:: The data

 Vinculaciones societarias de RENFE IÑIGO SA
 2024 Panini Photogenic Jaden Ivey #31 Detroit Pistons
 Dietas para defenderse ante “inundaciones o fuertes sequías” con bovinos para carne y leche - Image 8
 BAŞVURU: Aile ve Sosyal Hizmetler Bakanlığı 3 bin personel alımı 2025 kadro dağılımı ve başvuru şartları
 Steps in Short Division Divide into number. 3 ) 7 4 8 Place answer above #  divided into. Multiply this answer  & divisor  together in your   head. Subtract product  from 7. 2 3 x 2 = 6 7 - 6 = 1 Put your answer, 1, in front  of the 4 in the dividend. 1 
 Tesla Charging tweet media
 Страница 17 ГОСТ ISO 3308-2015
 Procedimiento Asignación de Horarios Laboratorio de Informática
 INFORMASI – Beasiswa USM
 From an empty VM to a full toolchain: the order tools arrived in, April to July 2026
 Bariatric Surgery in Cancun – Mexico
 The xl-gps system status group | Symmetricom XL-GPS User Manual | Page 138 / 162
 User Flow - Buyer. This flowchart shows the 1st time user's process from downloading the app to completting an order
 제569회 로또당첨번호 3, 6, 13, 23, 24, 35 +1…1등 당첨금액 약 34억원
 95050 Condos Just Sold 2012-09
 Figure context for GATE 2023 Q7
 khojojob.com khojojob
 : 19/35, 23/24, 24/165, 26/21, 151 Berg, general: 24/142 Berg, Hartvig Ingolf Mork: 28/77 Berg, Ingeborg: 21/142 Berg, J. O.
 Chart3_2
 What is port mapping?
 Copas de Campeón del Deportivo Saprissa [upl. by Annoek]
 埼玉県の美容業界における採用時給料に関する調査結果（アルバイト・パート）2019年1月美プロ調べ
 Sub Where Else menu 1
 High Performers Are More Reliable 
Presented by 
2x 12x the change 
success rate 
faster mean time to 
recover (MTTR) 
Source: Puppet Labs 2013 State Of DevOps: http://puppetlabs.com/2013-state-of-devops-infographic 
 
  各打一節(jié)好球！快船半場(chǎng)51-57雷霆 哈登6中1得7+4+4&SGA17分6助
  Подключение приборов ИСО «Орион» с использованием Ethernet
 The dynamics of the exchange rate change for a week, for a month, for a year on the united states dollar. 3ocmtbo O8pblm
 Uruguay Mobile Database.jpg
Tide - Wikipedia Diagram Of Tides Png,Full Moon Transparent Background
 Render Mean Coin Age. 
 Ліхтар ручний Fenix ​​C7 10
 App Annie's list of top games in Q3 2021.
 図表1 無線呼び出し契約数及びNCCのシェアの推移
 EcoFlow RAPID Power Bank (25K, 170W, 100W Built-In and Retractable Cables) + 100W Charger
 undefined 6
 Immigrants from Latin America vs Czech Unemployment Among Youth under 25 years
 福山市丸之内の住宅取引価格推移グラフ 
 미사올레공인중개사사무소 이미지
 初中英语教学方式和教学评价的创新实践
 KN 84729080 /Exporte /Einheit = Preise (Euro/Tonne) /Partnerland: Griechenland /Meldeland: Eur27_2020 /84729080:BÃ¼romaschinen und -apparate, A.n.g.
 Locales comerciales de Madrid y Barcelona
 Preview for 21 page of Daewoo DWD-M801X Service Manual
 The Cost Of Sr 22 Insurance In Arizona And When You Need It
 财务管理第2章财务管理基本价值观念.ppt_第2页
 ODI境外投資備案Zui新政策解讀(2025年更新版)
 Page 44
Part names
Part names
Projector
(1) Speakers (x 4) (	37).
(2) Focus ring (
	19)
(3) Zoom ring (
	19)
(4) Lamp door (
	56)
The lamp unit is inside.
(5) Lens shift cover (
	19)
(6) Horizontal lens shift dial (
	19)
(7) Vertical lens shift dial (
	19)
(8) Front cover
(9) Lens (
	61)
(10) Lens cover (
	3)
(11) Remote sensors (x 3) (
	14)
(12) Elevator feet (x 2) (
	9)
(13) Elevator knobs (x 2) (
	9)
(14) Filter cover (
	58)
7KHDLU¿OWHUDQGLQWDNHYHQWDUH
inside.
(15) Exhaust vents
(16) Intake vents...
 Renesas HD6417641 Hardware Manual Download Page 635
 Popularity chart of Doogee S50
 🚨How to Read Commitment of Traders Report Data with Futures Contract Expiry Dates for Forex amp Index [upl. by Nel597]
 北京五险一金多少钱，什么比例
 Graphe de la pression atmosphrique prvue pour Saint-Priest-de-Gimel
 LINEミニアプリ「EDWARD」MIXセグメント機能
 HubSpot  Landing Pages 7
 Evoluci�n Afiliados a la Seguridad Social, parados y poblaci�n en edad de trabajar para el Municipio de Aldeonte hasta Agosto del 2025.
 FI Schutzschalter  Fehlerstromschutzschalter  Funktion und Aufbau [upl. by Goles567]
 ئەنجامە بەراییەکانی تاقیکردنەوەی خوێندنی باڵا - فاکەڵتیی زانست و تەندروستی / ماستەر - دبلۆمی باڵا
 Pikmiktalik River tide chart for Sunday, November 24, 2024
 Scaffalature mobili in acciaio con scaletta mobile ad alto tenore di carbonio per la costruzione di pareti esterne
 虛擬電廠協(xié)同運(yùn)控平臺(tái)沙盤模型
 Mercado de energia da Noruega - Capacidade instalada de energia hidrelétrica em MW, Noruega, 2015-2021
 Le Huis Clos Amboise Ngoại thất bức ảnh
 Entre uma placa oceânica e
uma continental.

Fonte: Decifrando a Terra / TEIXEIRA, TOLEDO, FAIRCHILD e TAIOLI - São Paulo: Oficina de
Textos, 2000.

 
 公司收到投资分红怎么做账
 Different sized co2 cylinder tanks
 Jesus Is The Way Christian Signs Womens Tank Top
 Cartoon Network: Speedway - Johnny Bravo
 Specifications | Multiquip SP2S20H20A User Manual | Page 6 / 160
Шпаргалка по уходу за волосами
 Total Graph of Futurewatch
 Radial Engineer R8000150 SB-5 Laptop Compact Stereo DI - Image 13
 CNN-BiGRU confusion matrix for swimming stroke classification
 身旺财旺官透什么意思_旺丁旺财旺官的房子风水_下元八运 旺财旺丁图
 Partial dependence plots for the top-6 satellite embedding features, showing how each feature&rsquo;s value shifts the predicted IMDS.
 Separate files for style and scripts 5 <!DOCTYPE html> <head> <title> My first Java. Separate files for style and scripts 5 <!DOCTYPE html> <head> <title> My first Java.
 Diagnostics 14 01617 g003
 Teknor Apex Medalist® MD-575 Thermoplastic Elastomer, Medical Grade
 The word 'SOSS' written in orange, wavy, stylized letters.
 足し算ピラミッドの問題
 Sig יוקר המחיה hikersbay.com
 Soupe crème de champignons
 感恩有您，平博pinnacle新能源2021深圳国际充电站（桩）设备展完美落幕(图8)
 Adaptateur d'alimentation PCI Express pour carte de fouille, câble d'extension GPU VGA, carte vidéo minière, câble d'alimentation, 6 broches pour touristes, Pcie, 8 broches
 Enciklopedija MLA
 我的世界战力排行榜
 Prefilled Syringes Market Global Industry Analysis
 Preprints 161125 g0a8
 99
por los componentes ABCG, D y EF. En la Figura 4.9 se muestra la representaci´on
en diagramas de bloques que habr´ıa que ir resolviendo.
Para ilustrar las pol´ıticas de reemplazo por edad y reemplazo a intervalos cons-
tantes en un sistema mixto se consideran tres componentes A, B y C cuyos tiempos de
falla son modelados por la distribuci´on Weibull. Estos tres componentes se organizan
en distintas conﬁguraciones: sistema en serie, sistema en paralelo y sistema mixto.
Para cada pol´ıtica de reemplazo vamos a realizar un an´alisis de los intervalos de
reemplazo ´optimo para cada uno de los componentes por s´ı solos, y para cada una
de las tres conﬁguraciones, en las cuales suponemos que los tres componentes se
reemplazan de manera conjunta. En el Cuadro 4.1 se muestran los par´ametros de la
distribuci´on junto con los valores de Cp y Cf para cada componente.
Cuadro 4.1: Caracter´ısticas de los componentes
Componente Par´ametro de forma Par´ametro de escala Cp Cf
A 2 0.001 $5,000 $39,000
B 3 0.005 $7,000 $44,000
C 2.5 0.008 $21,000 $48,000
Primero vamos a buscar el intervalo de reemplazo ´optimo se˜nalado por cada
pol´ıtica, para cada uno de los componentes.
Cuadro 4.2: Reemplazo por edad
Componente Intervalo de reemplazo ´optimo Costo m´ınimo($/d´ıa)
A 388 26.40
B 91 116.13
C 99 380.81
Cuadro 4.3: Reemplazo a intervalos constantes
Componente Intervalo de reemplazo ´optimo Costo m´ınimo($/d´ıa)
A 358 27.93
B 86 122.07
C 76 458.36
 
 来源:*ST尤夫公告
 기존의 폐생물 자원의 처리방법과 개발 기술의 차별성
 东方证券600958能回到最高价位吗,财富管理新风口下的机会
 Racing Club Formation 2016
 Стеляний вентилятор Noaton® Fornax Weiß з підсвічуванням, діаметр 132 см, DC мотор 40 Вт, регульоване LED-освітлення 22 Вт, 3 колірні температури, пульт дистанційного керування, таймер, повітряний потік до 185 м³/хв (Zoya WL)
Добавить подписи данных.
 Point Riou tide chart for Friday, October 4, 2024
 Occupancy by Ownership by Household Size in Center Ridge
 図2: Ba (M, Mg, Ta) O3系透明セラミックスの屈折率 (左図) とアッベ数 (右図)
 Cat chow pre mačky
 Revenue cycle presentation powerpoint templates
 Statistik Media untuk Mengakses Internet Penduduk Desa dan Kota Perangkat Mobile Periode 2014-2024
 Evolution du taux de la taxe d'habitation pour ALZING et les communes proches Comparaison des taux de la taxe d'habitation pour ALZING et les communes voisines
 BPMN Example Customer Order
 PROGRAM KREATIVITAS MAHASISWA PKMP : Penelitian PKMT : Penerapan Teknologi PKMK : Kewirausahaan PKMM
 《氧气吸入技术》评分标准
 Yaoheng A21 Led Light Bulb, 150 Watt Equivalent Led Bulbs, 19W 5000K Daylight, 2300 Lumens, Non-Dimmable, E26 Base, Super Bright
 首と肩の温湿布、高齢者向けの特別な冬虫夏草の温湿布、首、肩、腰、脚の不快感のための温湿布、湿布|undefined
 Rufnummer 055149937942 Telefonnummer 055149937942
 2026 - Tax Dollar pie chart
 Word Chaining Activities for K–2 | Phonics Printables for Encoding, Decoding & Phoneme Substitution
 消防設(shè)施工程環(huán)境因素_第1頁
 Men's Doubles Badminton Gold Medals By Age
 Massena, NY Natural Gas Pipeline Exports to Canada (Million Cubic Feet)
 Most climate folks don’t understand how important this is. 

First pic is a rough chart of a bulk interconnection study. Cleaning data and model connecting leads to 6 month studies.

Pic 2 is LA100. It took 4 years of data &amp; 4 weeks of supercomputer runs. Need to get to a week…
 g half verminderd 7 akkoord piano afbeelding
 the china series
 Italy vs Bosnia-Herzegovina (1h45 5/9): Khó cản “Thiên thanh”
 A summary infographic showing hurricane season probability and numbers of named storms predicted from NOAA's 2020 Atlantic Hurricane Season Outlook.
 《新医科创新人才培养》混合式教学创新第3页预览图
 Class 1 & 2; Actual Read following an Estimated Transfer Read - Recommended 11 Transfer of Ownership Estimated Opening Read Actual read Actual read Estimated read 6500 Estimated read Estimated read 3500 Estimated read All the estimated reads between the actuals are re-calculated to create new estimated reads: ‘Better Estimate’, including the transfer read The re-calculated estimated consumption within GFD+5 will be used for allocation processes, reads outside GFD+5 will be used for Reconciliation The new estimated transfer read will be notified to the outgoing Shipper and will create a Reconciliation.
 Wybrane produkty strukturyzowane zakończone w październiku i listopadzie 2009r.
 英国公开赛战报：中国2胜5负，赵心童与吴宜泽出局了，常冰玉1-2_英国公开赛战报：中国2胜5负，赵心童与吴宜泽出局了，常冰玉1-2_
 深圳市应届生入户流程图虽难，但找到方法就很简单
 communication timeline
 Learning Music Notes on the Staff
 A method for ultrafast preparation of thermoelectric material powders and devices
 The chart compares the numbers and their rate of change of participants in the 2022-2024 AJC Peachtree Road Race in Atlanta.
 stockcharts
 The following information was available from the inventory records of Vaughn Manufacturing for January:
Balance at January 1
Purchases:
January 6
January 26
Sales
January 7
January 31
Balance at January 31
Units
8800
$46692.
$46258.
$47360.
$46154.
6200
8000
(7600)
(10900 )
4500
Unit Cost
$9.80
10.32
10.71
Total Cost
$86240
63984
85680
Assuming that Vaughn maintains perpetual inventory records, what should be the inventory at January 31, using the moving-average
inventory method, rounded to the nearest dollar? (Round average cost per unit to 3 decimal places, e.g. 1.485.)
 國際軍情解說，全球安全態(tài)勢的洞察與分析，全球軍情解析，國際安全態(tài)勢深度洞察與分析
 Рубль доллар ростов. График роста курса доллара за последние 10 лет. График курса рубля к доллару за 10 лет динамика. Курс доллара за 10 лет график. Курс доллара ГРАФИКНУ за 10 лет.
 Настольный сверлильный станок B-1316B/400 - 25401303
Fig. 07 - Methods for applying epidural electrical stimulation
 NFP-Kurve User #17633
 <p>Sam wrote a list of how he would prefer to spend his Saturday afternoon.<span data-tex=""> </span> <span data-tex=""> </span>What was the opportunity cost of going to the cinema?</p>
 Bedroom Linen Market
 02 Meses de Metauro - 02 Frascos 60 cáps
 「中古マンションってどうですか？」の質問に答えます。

::::

● Task item
Copy the records above exactly, from the first line through the line containing "INFORMASI – Beasiswa USM", and include nothing else.

● Result below
 Vinculaciones societarias de RENFE IÑIGO SA
 2024 Panini Photogenic Jaden Ivey #31 Detroit Pistons
 Dietas para defenderse ante “inundaciones o fuertes sequías” con bovinos para carne y leche - Image 8
 BAŞVURU: Aile ve Sosyal Hizmetler Bakanlığı 3 bin personel alımı 2025 kadro dağılımı ve başvuru şartları
 Steps in Short Division Divide into number. 3 ) 7 4 8 Place answer above #  divided into. Multiply this answer  & divisor  together in your   head. Subtract product  from 7. 2 3 x 2 = 6 7 - 6 = 1 Put your answer, 1, in front  of the 4 in the dividend. 1 
 Tesla Charging tweet media
 Страница 17 ГОСТ ISO 3308-2015
 Procedimiento Asignación de Horarios Laboratorio de Informática
 INFORMASI – Beasiswa USM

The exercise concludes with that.